Layer after layer, the artist morphs colour with a specific mood in works which eventually deny any narrational intent: they are rather intended as “vessels of seeking”, suggesting an open-ended and plural reading of the reality that surrounds us.
What the artist seems to encourage, in fact, is not some secret spiritual sensibility or message, but rather an alternative and heightened human experience of nature that is able to connect and capture all of its glory.
Immersed in evocative atmospheres suspended between sunrise and sunset, beginning and end, her scenes are characterized by an aura of illumination, or perhaps hallucination. In the crescendo and decrescendo of colour and light, the image ‘descends’ into the invisible, outlining an epiphany of nature that reveals itself beyond our conventionally constructed perception.
In her use of light, the artist also reveals a deep inspiration from movies, or theater, as she looks for intensified visions that try to talk to our mythopoetic perception of reality. As she explains, she also uses light as a way to create drama in the scene, turning it into a potential battlefield between contrasting forces: the bright and the dim, the static and the breathing, the crafted and organically shaped… the power of nature and flora, against an anthropocene which here seems to have been already extinct.
Lately, Ademerovich has been exploring more audaciously with textures, sculpturally building the paintings using wax, sand and pumice on the surfaces. This recent evolution further reinforces the impression that the artist has first and foremost a plastic imprint to image-making, as she always tries to shape out the surrounding nature by identifying the essential structure and form.
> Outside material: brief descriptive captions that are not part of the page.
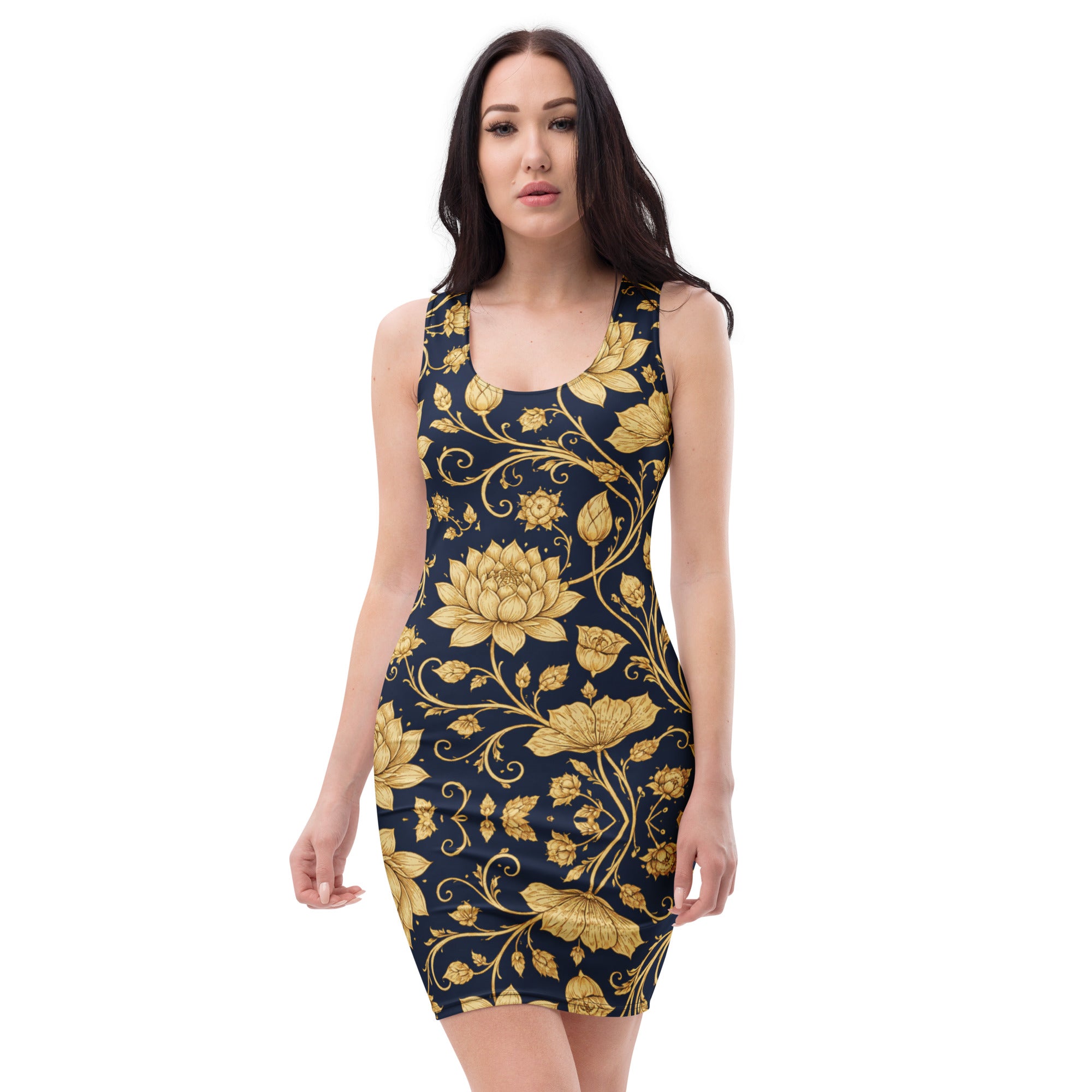 Bodycon dress - Golden Lotus Bodycon Dress – Navy All-Over Floral Print Midi by printfluence.net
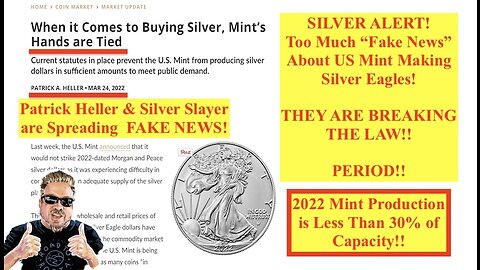 SILVER ALERT! Too Much "Fake News" About US Mint NOT Making Silver Eagles! (Bix Weir)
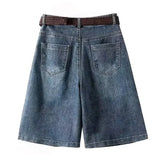 SHOPMOCHO Capris Jeans Loose Women's Shorts Baggy Summer Clothes Korean Dongdaemun 2025 Woman Clothing Blue Big Size Hanbok Pants Short
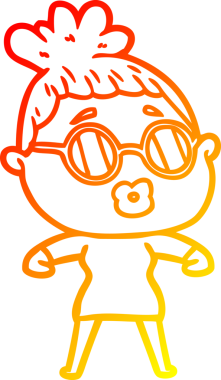 Bir insan tarafından çizilmiş gözlüklü bir karikatür kadın çizimi.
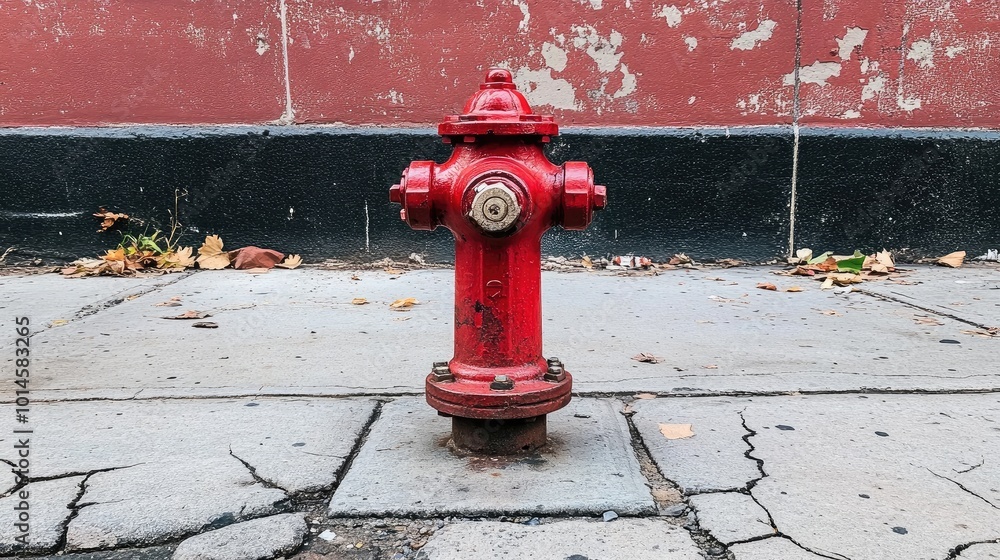 A red fire hydrant on a city sidewalk, with cracked pavement surrounding it. A red fire hydrant on a city sidewalk, with cracked pavement surrounding it.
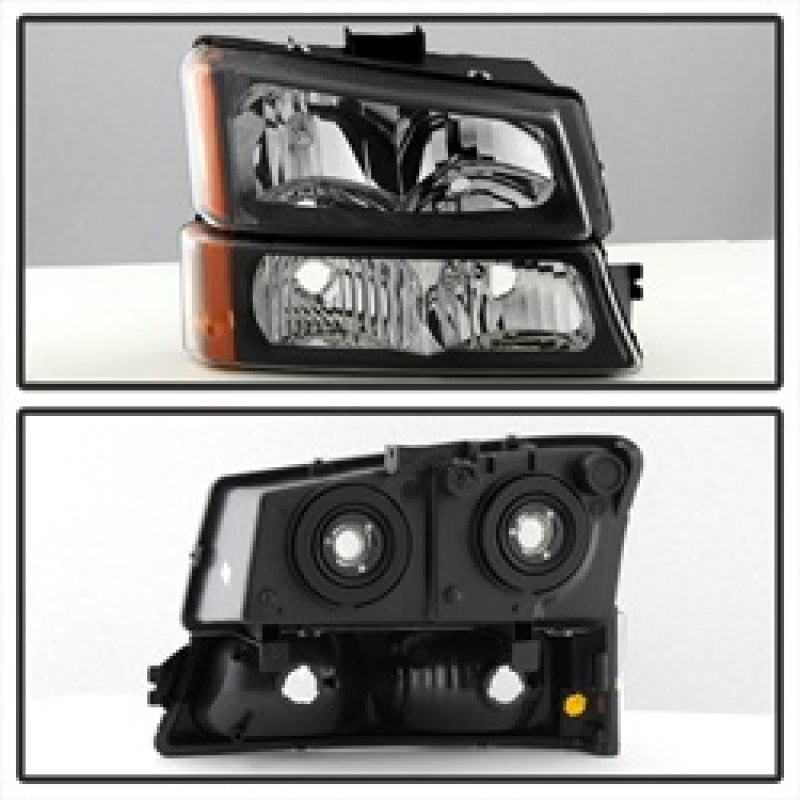 Xtune Chevy Silverado 2500HD 03-06 Crystal Headlights w/ Bumper Lights Black HD-JH-CSIL03-AM-BK-SET - 5069801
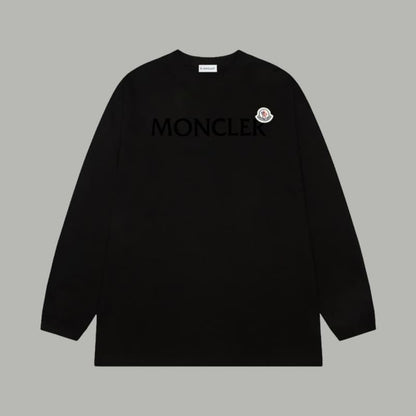 Classic Flocked Letter Cotton Long Sleeve Shirt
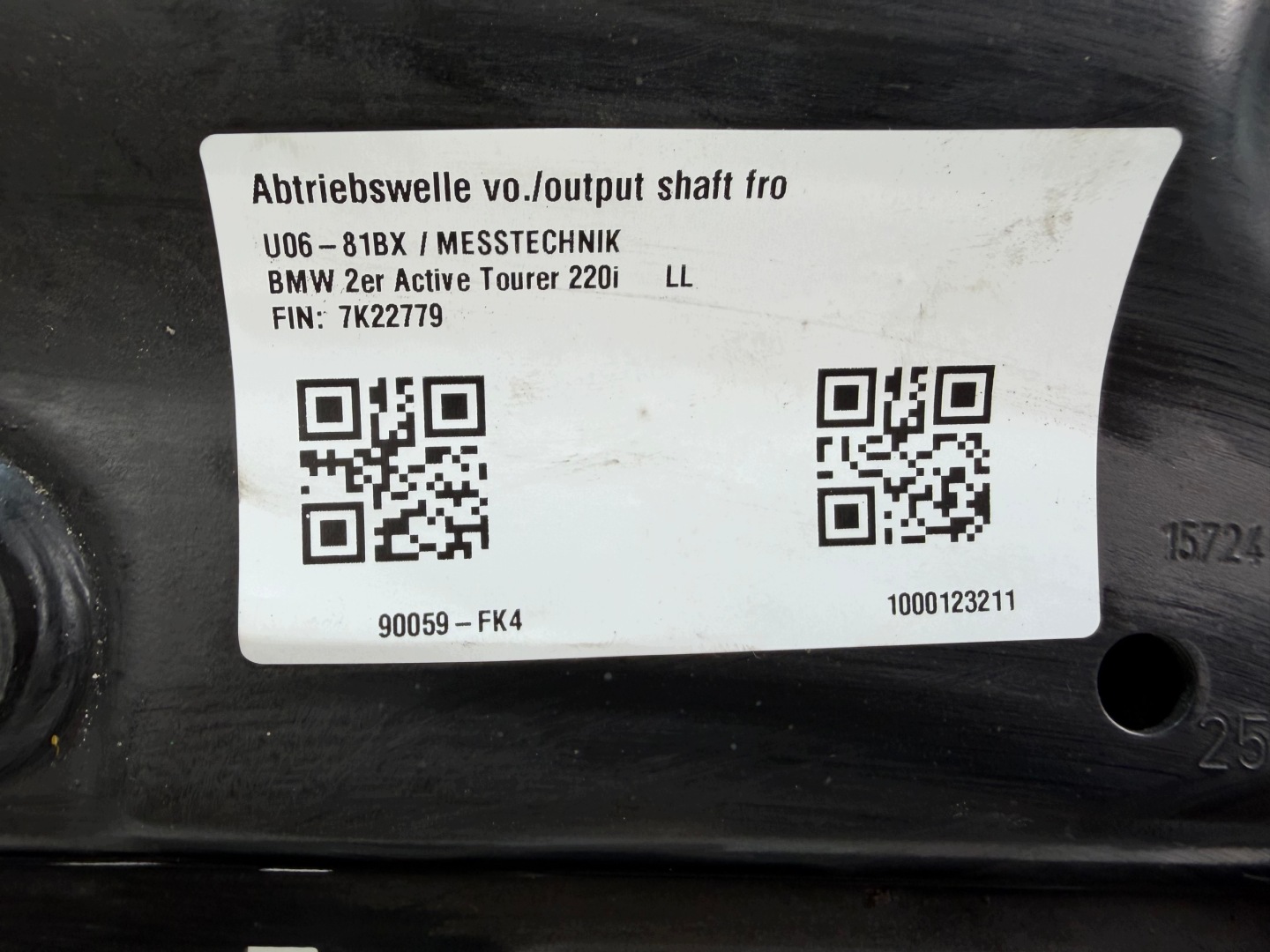 axle beam axle beam front BMW 2 U06 8836336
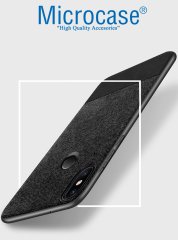 Microcase Xiaomi Mi A2 Lite - Redmi 6 Pro Fabrik Serisi Kumaş ve Deri Desen Kılıf - Siyah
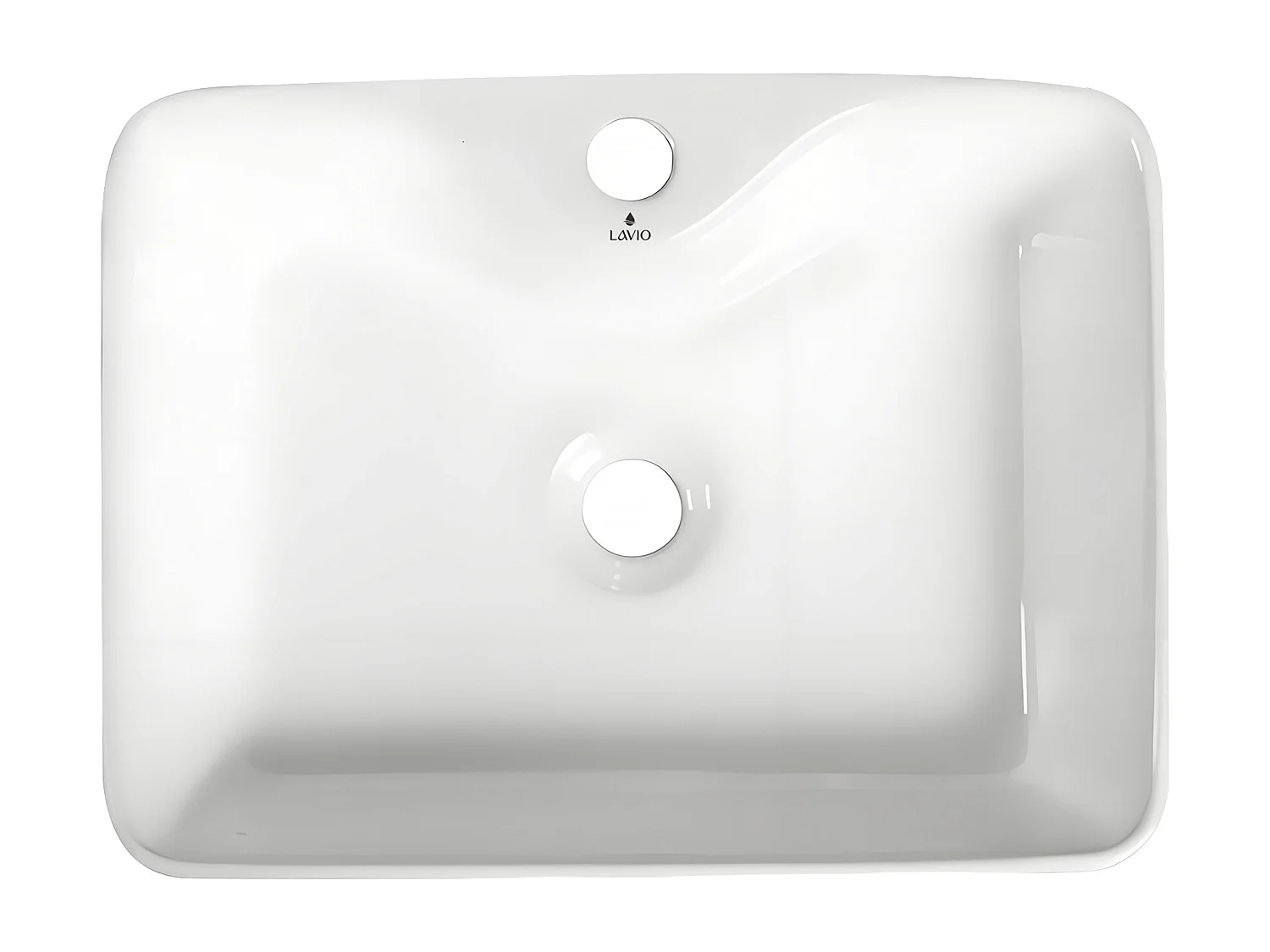 Opzetwastafel Rechthoekig AURA Keramiek 47 cm Wit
Pastels are the latest addition to the artist’s practice, which have allowed her to further develop a dense overlaying of colours, lights and contrasts, matter and antimatter.
Moving across different mediums, Adamerovich succeeds in visualizing an alternative ecosystem where all things living are interconnected, united in some holistic universal order, transcending any linguistic or scientific attempt to describe and classify nature as something separate.